### TO DO
In the entries that follow, find the line containing "A building with"; from there, copy every line exactly through the line containing "Minus Wheel 10".

### Collected data
=== Section Start ===

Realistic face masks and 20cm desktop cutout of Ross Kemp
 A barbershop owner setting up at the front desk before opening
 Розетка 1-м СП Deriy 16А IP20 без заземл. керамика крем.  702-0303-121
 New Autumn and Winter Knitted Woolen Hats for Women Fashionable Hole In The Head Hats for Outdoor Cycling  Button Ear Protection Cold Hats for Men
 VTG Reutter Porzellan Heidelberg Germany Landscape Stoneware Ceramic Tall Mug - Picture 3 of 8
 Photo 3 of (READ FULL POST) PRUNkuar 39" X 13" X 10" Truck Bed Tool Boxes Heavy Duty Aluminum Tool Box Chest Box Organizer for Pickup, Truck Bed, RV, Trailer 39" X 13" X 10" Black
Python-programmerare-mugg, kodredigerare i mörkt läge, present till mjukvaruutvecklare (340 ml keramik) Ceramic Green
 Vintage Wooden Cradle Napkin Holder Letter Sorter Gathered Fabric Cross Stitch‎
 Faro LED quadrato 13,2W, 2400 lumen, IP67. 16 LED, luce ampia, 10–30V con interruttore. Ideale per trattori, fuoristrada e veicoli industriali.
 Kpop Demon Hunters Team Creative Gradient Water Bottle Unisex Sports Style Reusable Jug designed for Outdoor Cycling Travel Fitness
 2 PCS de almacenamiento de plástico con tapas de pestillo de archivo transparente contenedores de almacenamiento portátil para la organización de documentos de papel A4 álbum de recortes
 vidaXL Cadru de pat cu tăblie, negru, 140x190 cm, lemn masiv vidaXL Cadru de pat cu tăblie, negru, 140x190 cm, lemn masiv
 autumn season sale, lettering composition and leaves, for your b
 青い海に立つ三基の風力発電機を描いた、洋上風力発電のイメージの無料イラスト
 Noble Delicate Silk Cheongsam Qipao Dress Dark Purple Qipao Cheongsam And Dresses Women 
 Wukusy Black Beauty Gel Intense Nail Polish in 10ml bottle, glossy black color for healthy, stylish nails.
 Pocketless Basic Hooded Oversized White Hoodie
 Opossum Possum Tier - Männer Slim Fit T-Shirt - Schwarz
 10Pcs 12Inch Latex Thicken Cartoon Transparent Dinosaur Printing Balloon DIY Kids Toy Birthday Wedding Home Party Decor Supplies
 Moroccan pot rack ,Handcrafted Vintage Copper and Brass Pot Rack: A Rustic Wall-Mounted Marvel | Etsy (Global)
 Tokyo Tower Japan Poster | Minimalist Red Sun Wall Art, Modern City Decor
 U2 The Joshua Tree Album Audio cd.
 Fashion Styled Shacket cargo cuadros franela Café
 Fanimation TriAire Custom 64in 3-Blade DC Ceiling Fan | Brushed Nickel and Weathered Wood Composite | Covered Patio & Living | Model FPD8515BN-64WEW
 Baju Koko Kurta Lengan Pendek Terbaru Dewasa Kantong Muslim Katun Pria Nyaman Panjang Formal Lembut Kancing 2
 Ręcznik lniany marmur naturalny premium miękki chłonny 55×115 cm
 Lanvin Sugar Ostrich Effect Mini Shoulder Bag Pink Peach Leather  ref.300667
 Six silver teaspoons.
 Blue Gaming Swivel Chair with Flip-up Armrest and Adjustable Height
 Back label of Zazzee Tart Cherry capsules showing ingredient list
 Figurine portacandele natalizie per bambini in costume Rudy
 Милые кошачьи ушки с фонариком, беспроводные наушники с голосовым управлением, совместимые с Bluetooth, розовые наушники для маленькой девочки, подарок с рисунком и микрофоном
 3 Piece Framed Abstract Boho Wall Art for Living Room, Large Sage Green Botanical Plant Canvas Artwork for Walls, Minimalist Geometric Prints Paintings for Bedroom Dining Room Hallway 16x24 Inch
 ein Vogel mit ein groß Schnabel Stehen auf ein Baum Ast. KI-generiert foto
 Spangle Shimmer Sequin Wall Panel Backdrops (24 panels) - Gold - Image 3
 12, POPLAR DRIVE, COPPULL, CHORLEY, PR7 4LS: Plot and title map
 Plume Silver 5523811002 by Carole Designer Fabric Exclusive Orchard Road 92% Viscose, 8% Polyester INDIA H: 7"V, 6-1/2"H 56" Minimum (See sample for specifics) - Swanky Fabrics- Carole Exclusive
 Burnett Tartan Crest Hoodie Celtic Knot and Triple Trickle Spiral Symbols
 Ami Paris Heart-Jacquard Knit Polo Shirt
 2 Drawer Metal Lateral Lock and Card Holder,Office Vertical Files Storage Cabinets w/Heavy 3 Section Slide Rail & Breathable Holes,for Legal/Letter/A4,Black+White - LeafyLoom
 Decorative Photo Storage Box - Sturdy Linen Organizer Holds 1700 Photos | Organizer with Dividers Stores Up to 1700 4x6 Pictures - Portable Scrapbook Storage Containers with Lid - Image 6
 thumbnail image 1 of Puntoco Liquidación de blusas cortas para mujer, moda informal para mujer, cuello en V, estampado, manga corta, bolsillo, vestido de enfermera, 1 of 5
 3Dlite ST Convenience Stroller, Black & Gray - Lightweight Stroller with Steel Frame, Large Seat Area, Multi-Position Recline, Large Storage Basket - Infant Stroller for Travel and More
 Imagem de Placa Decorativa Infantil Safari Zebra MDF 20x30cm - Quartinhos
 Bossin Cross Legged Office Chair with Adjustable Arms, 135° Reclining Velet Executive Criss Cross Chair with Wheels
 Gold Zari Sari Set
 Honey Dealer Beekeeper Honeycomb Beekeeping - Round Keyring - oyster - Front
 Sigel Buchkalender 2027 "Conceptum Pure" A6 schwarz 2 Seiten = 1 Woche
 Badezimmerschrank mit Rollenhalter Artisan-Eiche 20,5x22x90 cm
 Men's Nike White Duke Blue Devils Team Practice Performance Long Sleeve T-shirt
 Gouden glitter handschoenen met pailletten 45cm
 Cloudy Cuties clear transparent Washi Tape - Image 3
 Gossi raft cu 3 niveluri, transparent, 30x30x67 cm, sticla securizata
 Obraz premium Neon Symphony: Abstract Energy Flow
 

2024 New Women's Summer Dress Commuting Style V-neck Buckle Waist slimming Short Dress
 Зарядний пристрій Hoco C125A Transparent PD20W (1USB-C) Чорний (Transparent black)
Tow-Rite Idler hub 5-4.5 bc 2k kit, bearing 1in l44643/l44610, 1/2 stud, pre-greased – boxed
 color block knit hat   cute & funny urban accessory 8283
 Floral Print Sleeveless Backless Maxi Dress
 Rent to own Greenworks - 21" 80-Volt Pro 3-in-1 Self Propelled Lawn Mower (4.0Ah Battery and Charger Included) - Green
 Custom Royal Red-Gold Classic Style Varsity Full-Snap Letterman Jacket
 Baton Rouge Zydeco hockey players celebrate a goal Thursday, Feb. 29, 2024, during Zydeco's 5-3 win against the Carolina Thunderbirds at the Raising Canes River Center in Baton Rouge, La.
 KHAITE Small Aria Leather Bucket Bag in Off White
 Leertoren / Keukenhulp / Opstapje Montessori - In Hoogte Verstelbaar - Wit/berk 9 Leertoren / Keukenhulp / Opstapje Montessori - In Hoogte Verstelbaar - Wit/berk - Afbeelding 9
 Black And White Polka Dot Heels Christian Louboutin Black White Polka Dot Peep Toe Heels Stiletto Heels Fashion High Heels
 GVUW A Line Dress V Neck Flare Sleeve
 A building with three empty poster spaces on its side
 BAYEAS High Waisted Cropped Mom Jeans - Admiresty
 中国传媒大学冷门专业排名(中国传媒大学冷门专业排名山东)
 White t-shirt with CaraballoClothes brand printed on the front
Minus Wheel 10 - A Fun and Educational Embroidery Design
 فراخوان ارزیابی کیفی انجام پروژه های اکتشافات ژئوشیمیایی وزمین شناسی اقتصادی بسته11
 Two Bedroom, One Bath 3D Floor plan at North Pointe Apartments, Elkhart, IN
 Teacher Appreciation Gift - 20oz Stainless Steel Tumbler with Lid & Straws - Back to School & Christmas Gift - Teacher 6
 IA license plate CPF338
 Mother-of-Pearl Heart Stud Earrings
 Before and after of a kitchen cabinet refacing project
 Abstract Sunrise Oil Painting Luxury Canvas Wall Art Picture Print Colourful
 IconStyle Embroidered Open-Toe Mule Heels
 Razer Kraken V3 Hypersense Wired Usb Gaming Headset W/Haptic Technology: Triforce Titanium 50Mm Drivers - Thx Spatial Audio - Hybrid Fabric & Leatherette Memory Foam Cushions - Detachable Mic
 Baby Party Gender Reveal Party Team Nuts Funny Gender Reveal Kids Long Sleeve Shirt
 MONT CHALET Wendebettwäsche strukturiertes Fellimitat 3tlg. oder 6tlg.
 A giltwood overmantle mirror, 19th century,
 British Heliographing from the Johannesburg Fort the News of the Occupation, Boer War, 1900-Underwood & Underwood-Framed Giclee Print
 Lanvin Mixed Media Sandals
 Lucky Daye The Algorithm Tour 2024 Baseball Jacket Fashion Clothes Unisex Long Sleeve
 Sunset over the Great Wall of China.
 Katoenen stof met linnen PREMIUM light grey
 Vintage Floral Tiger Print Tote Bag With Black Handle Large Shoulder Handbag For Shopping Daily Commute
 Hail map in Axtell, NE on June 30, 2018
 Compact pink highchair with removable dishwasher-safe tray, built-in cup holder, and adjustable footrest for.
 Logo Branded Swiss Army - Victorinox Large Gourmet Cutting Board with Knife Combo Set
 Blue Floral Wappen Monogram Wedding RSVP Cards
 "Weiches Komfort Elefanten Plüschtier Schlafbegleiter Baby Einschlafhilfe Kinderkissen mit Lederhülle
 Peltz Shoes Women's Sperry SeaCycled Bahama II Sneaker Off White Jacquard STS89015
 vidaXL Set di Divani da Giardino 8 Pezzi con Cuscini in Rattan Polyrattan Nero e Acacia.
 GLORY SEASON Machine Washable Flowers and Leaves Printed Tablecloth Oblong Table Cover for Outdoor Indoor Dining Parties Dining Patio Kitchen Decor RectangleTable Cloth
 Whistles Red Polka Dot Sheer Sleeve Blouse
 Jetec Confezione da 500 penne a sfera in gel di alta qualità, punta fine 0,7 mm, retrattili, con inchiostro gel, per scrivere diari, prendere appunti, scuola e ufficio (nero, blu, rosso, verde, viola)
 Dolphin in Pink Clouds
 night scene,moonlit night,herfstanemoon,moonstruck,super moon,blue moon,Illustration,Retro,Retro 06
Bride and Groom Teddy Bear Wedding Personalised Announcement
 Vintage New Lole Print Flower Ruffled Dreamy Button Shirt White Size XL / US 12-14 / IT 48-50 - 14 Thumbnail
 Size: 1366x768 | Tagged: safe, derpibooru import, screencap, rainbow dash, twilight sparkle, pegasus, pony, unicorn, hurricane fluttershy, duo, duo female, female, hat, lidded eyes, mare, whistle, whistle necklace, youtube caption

=== Section End ===

### RESULT BELOW
 A building with three empty poster spaces on its side
 BAYEAS High Waisted Cropped Mom Jeans - Admiresty
 中国传媒大学冷门专业排名(中国传媒大学冷门专业排名山东)
 White t-shirt with CaraballoClothes brand printed on the front
Minus Wheel 10 - A Fun and Educational Embroidery Design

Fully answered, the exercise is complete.